Material for this exercise:
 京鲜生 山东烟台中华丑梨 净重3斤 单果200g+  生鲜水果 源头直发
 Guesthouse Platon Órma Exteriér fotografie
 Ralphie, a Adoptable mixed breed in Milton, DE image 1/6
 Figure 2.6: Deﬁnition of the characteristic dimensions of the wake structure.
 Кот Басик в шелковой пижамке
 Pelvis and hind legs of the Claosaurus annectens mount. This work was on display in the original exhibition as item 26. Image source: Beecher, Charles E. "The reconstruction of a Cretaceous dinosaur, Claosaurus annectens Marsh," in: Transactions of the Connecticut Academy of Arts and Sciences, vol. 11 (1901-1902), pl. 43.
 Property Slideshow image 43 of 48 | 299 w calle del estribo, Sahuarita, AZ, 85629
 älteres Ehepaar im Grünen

Prompt: Each line, starting with the one containing "Property Slideshow image" and ending with the last line of the records above, should be reproduced exactly.

Response to this exercise:
 Property Slideshow image 43 of 48 | 299 w calle del estribo, Sahuarita, AZ, 85629
 älteres Ehepaar im Grünen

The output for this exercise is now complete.